• [What you need to do]
Go through the records below and return each line that has "Dark" in it.

• [Items listed in a dataset]

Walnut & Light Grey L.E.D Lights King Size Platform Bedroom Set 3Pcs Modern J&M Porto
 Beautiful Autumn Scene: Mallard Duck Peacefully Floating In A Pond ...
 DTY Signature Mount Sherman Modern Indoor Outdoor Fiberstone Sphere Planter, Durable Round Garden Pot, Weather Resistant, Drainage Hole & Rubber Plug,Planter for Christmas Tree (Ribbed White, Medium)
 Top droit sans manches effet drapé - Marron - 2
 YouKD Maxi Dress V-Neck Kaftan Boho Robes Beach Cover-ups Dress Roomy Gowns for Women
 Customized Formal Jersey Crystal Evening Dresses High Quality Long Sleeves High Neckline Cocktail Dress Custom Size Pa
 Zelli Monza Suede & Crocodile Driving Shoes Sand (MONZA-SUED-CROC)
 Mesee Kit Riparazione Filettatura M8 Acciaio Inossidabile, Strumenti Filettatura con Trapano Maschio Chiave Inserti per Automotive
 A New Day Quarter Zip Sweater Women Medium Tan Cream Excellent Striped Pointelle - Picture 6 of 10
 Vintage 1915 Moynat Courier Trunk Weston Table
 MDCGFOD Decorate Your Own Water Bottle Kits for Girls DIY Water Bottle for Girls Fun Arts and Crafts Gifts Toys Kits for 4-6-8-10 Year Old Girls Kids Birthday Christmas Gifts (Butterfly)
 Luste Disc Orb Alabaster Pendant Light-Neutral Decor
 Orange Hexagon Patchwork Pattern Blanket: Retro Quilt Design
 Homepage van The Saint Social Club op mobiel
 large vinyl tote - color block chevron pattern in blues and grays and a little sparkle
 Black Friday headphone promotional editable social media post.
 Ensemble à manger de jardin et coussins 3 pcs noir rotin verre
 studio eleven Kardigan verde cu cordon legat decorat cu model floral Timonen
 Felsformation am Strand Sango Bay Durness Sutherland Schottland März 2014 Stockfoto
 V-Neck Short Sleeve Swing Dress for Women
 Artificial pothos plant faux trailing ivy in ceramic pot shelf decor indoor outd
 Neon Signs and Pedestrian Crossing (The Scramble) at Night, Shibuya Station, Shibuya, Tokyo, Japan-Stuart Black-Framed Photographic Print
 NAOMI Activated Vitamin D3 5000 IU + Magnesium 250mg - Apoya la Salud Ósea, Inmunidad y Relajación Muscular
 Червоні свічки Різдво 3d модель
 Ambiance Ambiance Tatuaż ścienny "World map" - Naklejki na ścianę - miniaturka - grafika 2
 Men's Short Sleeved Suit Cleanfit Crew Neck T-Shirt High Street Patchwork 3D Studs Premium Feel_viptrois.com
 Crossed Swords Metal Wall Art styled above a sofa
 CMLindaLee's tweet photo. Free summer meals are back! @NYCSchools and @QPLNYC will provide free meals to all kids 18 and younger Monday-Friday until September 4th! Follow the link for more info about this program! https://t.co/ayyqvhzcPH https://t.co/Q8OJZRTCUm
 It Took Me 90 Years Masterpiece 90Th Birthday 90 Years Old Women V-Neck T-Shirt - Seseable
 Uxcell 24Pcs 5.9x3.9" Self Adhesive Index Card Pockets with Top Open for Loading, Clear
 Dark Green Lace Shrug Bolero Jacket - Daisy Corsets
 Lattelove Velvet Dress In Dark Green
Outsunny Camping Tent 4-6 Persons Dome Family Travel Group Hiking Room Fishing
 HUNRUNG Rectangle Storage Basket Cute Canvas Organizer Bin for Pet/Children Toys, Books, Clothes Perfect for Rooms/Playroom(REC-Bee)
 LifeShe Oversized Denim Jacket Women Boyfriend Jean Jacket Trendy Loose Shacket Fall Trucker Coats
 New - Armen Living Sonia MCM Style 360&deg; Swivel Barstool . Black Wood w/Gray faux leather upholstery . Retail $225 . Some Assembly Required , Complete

• [Exercise output]
 Dark Green Lace Shrug Bolero Jacket - Daisy Corsets
 Lattelove Velvet Dress In Dark Green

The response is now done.